To do
From the entries below, output the line with "Vintage Chic for" and each following line up to and including the line with "George NB Green Plaid Footed Baby One-Piece", exactly as written.

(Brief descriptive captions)
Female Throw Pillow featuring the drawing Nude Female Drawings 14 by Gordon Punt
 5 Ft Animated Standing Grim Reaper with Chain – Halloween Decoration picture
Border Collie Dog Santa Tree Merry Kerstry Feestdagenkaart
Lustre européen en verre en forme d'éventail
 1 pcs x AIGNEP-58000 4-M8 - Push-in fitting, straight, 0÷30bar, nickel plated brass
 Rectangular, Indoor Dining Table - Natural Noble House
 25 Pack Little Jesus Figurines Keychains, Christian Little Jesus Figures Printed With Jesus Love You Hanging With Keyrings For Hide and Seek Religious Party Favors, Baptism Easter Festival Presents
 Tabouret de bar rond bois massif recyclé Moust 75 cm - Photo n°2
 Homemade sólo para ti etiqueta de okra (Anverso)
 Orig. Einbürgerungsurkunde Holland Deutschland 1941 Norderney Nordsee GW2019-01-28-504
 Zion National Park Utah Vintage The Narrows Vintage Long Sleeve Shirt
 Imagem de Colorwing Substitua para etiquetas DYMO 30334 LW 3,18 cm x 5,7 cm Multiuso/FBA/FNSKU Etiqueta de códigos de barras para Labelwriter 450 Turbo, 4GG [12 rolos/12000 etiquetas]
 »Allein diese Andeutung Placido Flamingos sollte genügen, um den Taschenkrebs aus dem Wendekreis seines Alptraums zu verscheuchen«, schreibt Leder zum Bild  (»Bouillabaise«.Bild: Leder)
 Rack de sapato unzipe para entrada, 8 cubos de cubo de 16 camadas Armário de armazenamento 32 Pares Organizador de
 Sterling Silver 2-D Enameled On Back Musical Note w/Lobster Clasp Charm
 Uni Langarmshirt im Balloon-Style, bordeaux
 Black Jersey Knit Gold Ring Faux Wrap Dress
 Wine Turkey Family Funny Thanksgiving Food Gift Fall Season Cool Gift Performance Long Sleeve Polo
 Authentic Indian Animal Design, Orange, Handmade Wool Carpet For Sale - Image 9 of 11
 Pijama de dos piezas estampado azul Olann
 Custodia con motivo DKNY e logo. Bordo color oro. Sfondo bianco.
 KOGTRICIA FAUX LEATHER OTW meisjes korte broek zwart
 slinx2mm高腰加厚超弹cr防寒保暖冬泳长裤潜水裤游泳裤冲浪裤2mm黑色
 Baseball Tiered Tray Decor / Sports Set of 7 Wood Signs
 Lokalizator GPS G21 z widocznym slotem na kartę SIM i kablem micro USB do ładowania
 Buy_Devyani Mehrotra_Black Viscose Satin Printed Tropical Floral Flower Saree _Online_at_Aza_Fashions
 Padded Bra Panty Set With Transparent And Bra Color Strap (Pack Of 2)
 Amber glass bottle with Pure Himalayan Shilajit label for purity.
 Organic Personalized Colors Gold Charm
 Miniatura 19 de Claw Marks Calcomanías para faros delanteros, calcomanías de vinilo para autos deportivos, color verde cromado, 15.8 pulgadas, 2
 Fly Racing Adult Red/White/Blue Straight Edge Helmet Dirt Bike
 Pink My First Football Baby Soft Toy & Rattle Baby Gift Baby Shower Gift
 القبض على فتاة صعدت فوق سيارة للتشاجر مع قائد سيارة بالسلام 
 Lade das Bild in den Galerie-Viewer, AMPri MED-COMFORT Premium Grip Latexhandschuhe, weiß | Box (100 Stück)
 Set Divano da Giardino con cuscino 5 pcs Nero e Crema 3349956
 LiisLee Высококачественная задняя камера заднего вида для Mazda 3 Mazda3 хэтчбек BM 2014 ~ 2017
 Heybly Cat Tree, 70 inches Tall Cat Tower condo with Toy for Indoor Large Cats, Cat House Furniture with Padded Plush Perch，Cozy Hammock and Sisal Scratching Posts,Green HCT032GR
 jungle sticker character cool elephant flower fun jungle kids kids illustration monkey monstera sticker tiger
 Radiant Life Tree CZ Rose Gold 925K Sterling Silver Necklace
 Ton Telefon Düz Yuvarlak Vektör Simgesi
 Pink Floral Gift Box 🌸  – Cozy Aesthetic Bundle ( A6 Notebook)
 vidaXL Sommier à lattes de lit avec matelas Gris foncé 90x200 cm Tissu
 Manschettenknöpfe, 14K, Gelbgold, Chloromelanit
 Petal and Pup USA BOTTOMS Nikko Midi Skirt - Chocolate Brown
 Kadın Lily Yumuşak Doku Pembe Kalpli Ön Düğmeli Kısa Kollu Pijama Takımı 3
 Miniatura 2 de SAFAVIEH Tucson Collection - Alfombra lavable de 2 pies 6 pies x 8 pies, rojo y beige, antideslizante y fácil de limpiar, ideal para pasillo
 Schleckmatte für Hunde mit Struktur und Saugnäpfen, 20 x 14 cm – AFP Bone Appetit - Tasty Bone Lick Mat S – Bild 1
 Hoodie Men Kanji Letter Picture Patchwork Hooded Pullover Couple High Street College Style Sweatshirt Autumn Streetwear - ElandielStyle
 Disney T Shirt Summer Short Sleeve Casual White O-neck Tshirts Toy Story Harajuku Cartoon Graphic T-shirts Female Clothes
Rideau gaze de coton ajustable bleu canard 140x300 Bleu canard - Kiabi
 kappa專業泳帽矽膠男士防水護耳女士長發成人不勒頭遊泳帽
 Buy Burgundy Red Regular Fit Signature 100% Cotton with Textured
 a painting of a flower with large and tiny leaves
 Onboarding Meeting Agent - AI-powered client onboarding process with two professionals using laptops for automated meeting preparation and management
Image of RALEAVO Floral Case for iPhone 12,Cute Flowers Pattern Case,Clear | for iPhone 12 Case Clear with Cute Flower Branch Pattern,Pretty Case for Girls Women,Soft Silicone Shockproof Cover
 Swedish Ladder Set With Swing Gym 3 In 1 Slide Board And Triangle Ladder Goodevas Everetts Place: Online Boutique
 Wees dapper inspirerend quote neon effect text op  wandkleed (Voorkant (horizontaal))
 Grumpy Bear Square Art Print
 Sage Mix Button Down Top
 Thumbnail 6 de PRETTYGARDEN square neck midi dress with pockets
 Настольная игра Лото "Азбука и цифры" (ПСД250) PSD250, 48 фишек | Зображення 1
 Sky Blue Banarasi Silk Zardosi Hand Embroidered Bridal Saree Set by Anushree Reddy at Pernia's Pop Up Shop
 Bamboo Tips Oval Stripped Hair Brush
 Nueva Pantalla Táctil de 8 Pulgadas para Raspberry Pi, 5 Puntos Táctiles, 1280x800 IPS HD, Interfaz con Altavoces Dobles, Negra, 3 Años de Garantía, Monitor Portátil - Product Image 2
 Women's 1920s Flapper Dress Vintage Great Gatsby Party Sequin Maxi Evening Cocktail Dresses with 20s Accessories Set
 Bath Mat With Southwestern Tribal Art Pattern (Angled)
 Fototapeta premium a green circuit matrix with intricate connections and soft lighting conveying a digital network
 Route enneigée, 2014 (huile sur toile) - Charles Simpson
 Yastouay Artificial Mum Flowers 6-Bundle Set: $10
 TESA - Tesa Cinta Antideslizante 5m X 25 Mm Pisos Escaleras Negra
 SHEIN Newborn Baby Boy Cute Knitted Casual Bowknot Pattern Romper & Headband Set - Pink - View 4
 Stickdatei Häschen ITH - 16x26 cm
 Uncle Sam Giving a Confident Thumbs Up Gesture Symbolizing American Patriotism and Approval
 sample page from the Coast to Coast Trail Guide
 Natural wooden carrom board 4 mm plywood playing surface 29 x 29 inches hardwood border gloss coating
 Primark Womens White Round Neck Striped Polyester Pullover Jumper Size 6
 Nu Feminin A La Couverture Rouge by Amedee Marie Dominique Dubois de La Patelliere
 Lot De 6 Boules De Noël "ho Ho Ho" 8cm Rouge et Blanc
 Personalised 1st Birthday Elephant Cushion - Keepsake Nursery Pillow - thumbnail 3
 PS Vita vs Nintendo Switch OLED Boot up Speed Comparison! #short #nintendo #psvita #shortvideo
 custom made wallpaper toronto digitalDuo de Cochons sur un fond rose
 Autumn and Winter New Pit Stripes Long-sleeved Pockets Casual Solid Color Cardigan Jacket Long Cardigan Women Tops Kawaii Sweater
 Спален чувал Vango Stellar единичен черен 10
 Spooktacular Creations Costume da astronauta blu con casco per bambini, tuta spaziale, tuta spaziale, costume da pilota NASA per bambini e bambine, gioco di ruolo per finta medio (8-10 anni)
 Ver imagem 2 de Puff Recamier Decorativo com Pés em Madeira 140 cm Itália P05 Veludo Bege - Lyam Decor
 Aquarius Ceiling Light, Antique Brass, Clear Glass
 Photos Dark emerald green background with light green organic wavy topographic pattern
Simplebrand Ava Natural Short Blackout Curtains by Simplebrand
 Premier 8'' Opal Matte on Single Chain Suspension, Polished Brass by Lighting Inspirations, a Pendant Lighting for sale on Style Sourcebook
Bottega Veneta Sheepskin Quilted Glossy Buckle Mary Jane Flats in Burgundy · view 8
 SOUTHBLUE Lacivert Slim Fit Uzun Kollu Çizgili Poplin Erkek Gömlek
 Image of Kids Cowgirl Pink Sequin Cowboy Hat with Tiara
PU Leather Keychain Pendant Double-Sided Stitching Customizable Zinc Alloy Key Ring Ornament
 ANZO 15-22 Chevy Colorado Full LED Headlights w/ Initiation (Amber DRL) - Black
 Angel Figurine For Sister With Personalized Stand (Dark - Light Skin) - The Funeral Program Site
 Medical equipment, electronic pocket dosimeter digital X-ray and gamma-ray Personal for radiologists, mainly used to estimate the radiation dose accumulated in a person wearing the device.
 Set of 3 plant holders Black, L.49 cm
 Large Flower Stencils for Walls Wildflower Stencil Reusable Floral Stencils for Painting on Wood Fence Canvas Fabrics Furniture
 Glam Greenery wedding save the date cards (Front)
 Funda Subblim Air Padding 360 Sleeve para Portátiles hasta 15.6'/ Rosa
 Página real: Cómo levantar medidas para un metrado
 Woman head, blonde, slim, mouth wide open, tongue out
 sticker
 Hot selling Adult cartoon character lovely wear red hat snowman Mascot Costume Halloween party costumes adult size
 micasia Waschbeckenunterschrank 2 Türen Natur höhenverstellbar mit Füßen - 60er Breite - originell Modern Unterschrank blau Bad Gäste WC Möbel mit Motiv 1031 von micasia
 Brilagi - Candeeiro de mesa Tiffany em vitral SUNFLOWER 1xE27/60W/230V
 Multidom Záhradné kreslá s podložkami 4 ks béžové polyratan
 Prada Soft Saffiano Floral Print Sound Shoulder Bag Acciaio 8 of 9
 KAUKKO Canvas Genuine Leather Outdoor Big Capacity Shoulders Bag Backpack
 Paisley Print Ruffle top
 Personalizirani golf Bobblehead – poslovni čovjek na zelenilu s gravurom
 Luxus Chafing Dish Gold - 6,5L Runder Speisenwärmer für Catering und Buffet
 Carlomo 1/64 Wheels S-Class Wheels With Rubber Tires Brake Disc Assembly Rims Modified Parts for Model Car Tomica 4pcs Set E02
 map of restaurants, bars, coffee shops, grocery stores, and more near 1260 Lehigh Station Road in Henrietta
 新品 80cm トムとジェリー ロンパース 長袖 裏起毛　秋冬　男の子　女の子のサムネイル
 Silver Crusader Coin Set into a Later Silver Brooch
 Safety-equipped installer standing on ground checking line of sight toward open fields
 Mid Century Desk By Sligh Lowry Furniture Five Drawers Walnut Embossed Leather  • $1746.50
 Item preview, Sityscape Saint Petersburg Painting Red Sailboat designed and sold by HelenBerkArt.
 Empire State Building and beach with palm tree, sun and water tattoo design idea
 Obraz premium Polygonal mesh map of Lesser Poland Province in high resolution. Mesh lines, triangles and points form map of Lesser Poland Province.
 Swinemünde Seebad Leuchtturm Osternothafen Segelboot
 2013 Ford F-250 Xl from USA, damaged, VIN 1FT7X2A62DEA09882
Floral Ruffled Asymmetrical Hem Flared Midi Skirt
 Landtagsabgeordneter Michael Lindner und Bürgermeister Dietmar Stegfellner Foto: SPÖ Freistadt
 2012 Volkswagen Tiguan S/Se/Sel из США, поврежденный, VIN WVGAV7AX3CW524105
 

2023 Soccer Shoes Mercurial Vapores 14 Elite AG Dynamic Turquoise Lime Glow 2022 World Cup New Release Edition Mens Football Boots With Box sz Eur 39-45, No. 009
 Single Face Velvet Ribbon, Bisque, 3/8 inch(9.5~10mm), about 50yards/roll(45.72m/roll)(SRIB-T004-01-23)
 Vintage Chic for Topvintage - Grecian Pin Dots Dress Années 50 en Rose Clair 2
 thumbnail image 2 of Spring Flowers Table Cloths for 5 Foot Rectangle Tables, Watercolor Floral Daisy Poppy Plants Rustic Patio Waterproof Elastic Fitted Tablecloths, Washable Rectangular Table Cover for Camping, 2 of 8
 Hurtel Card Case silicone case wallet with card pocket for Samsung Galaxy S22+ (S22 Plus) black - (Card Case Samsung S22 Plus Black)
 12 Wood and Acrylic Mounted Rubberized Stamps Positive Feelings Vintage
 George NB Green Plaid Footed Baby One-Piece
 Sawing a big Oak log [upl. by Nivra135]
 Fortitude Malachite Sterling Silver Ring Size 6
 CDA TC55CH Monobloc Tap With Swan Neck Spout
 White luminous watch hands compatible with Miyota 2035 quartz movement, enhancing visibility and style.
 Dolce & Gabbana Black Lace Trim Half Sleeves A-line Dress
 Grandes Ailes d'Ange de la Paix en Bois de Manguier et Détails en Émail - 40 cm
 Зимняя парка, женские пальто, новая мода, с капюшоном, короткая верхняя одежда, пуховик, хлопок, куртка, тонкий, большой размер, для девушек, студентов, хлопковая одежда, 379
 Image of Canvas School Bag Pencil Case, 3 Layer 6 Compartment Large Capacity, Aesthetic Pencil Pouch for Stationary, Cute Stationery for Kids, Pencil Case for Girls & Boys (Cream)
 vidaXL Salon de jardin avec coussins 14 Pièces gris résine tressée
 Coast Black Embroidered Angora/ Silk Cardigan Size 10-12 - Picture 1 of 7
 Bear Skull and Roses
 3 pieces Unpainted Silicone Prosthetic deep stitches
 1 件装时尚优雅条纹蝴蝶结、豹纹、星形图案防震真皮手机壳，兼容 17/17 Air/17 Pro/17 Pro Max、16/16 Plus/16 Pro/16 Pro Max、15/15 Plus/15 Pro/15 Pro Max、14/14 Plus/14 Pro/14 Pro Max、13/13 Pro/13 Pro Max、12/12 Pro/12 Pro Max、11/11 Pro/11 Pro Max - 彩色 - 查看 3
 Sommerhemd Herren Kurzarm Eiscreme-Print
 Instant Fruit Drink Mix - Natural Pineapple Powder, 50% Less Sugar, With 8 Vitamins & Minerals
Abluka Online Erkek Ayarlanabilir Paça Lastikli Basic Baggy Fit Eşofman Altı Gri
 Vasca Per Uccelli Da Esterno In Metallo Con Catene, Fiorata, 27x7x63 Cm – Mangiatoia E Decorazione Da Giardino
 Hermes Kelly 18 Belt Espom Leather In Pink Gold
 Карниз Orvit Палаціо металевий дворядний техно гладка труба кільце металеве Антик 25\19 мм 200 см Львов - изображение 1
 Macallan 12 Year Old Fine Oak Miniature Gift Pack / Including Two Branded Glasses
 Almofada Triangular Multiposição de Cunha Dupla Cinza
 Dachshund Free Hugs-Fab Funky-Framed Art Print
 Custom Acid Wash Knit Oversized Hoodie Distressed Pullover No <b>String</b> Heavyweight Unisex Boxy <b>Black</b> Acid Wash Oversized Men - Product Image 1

Solved exercise
 Vintage Chic for Topvintage - Grecian Pin Dots Dress Années 50 en Rose Clair 2
 thumbnail image 2 of Spring Flowers Table Cloths for 5 Foot Rectangle Tables, Watercolor Floral Daisy Poppy Plants Rustic Patio Waterproof Elastic Fitted Tablecloths, Washable Rectangular Table Cover for Camping, 2 of 8
 Hurtel Card Case silicone case wallet with card pocket for Samsung Galaxy S22+ (S22 Plus) black - (Card Case Samsung S22 Plus Black)
 12 Wood and Acrylic Mounted Rubberized Stamps Positive Feelings Vintage
 George NB Green Plaid Footed Baby One-Piece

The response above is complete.